The international portion of the flight was on ANA (“All Nippon Airways”, often pronounced just with the initials as “エイ・エヌ・エイ”) which generally has great service, good meals, and nice in-flight entertainment. Most of the stewardesses were reasonably bilingual which is very convenient, although this means that if you are a foreigner they will probably speak to you in English even if you know some Japanese unless you are aggressive about showing you know the language. There is also nice Japanese touches like passing out shibori (warm wet towels used for hand wiping) before meals.
When entering the Japan you’ll have to provide information about yourself and your trip to the Japanese customs area in the airport. This consists of basic information like your name, passport number, date of birth, plus some information about where you will be staying (hotel name and address, etc.). These forms are typically passed out on the plane before you land, but if you forget you can get one at the airport right before you need to present it. You’ll need one form per person, including any children you have with you.

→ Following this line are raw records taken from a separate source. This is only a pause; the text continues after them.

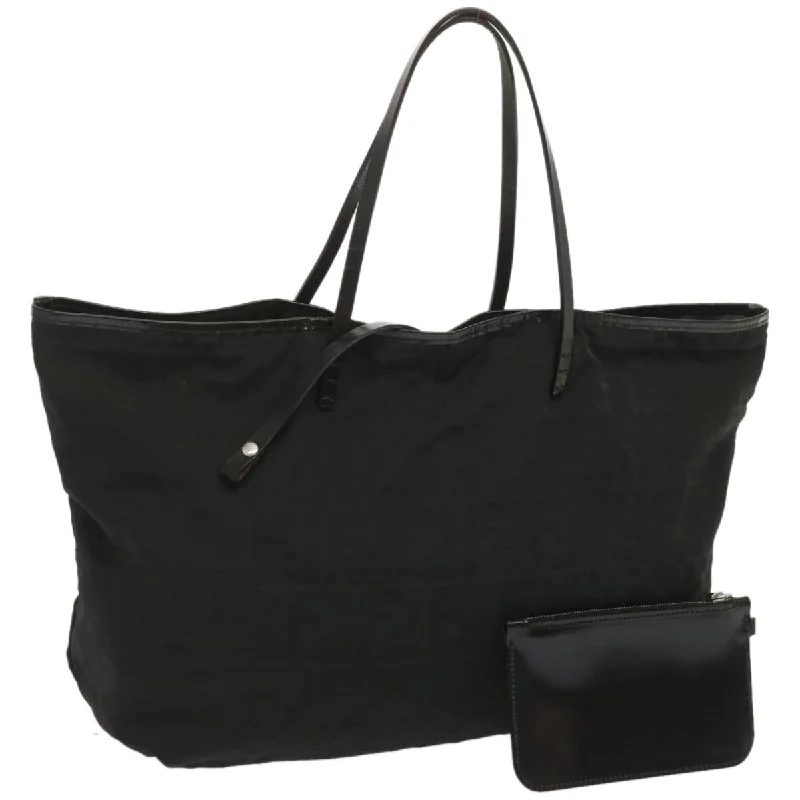 FENDI Zucca Canvas Tote Bag Black  hk1174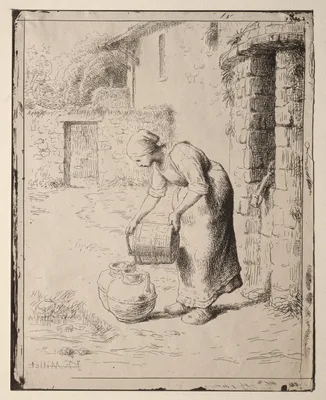 A Woman Emptying a Bucket — Jean-François Millet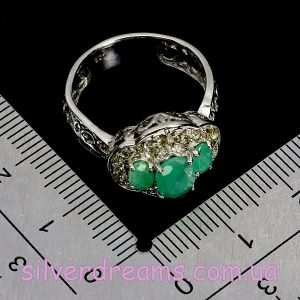 ерстень серебро натуральный изумруд + шампань-сапфир
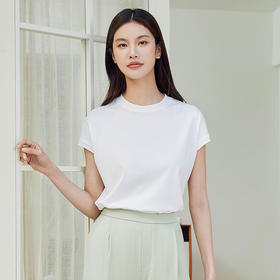 玳莎小盖袖圆领T恤女2024年夏季新款通勤上班纯色简约内搭棉上衣  EB32102
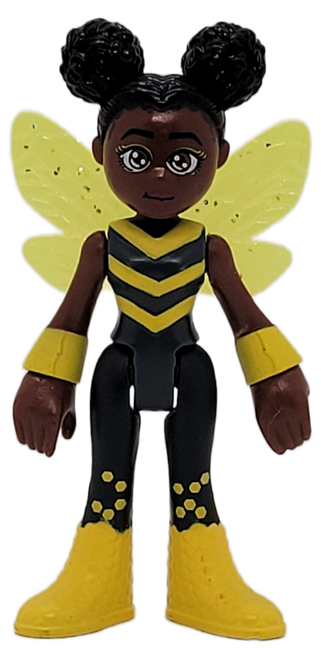 Fisher-Price Imaginext DC Super Friends Bumblebee 3-inch tall action figure for ages 3 & up. Bumblebee is a superheroine appearing in American comic books published by DC Comics and other related media, commonly as a member of the Teen Titans. She first appeared as Karen in December 1976's Teen Titans #45, and adopted the Bumblebee identity three issues later.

I’m not sure about other countries, but when arriving back into the US you’ll need to fill out a simpler form about what sort of things you are carrying that you bought in Japan. For example if you buy a camera in Japan you’ll have to report that along with the price. There are restrictions on things like bringing animals, certain plants or fruits, and large amounts of cash, but for the average person this shouldn’t be a problem.
If you are coming from the US you have to deal with at least a 10 hour time difference, and the jet lag experienced from that is usually pretty rough. For me it takes a few days for my internal clock to get reset. On the plane the cabin will be darkened in accordance with the time zone of the destination, so it’s best to try and sleep when the lights are off to help you get synced to the new time zone. One of my friends said that if does some vigorous exercise (for example, jog a few miles) after landing he is able to accommodate to the new time zone pretty quickly, though I haven’t tried that myself.
Japan has an extremely extensive system of trains, both above and underground, which allows you to travel through the country relatively inexpensively. Minimum fair from one station to the next nearest starts around $1-$2. In some ways it is similar to the train systems of major American cities like New York, though it is generally much cleaner and well lit in Japan.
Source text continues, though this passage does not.